» WORK REQUEST
Quote these lines exactly: the one that holds "Your kernel.json could" and every line after it to the end of the material below. Skip pictures.

_ _ _ _

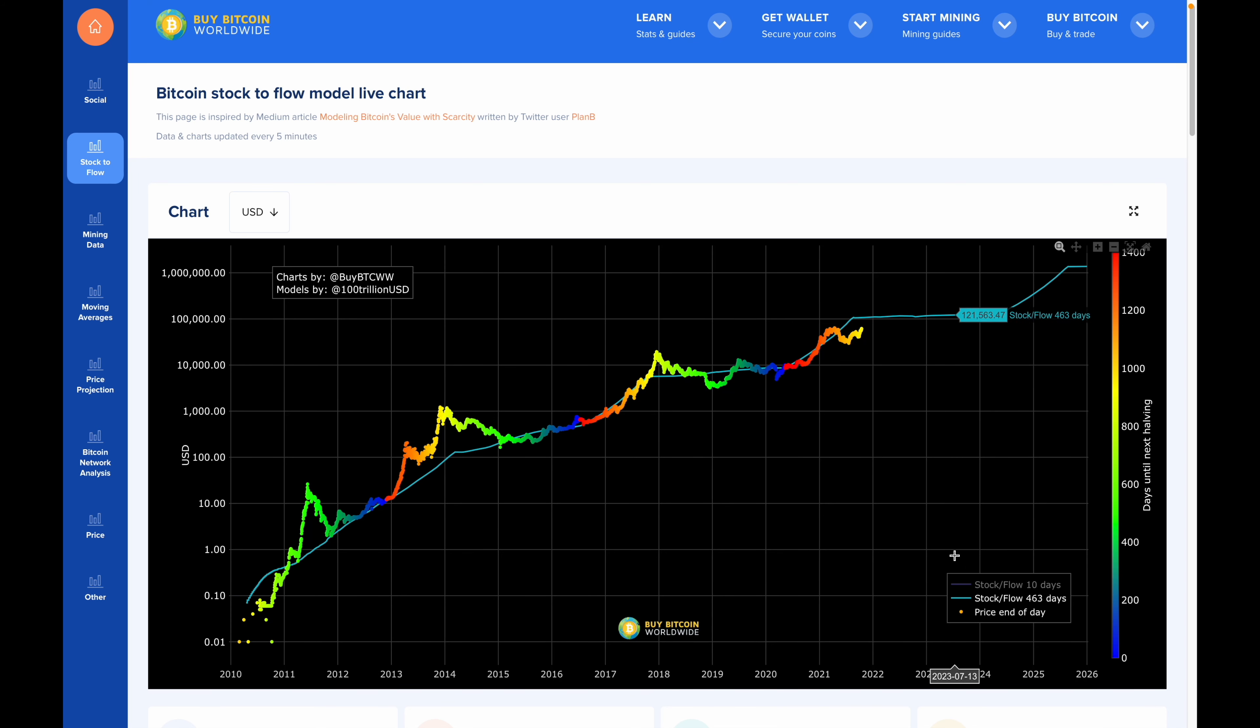Now, what exactly is the Bitcoin Stock to Flow model? In a nutshell, it's a mathematical model that can help determine the price of a given asset based on its current supply and the yearly production amount. The model was first used in traditional assets like gold, but the creator of this concept, known by the pseudonym Plan B, decided to apply the same model to Bitcoin.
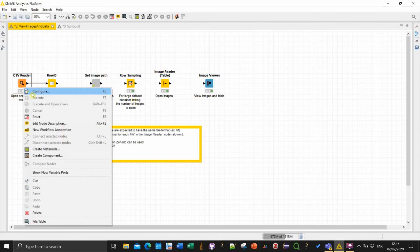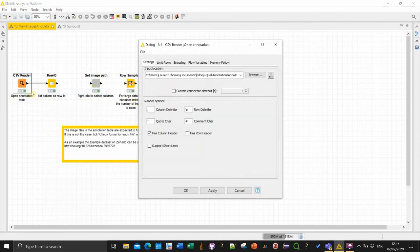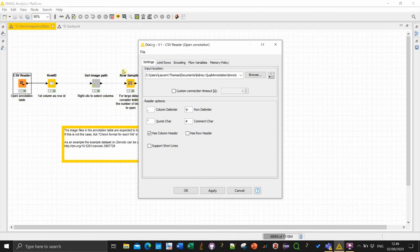So you can right-click, select configure. I didn't mention the workflow, you can simply download them from the github repository.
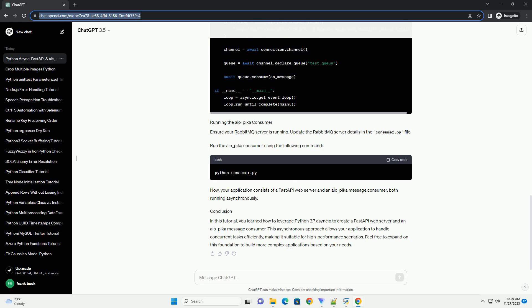Now, your application consists of a FastAPI web server and an AIO underscore Pika message consumer, both running asynchronously. In this tutorial, you learned how to leverage Python 3.7 Asyncio to create a FastAPI web server and an AIO underscore Pika message consumer. This asynchronous approach allows your application to handle concurrent tasks efficiently, making it suitable for high-performance scenarios.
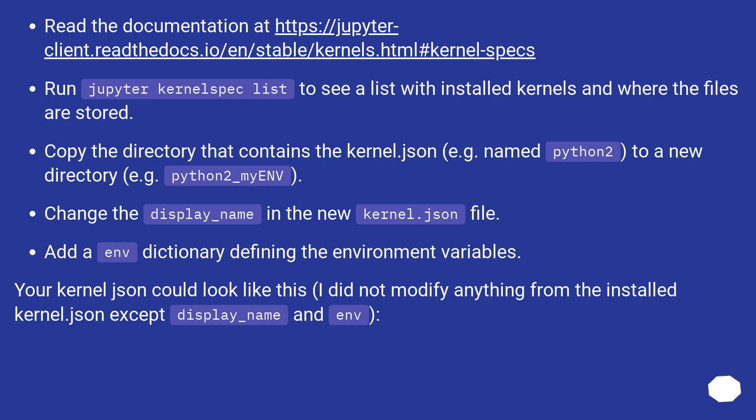Your kernel.json could look like this. I did not modify anything from the installed kernel.json except display_name and env.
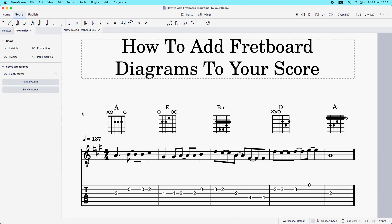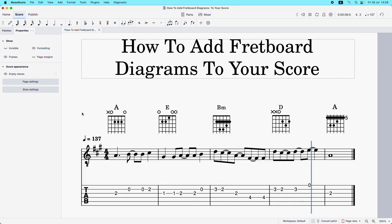Now I have all my fretboard diagrams added to the score. Let's have a listen to what it sounds like. As you can see, it's pretty easy to add fretboard diagrams to your score. If you have any questions, feel free to leave them in the comments and I'll do my best to get back to you. I hope you found this helpful — thanks for watching, I'll see you in the next video.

_ _ _ _

» WRITTEN SOLUTION
Your kernel.json could look like this. I did not modify anything from the installed kernel.json except display_name and env.
Now I have all my fretboard diagrams added to the score. Let's have a listen to what it sounds like. As you can see, it's pretty easy to add fretboard diagrams to your score. If you have any questions, feel free to leave them in the comments and I'll do my best to get back to you. I hope you found this helpful — thanks for watching, I'll see you in the next video.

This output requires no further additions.